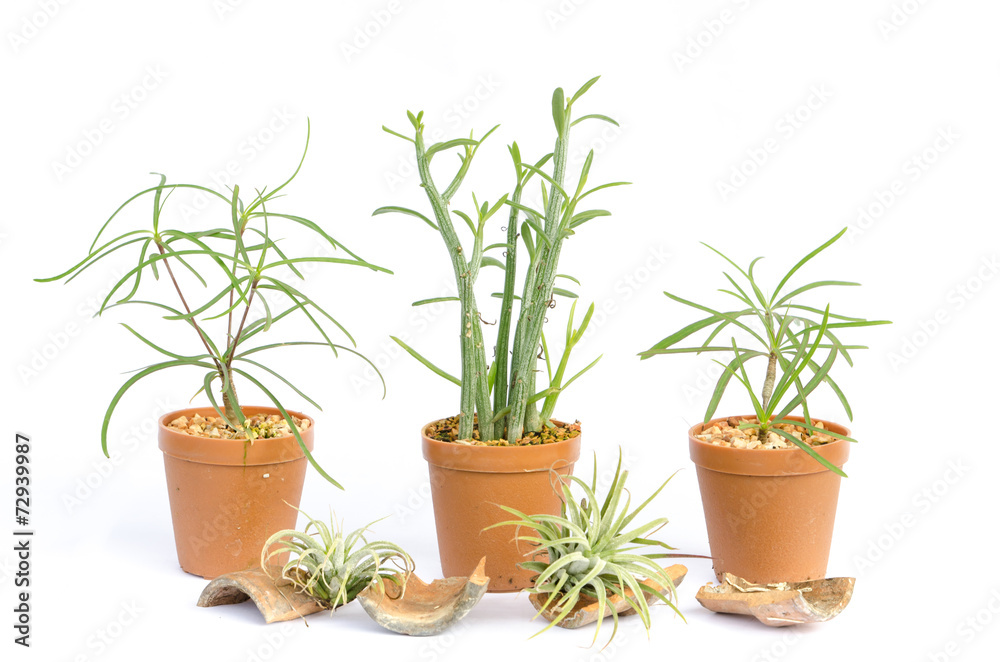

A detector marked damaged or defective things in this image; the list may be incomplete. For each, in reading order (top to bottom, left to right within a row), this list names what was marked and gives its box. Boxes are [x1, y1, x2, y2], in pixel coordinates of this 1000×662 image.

broken pottery shard [199, 568, 328, 624]
broken pottery shard [358, 560, 490, 640]
broken pottery shard [524, 568, 688, 632]
broken pottery shard [696, 572, 852, 632]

*WHAT TO PRODUCE*
Repeat the entries word for word and skip the pictures.

*YOUR SOLUTION*
A detector marked damaged or defective things in this image; the list may be incomplete. For each, in reading order (top to bottom, left to right within a row), this list names what was marked and gives its box. Boxes are [x1, y1, x2, y2], in pixel coordinates of this 1000×662 image.

broken pottery shard [199, 568, 328, 624]
broken pottery shard [358, 560, 490, 640]
broken pottery shard [524, 568, 688, 632]
broken pottery shard [696, 572, 852, 632]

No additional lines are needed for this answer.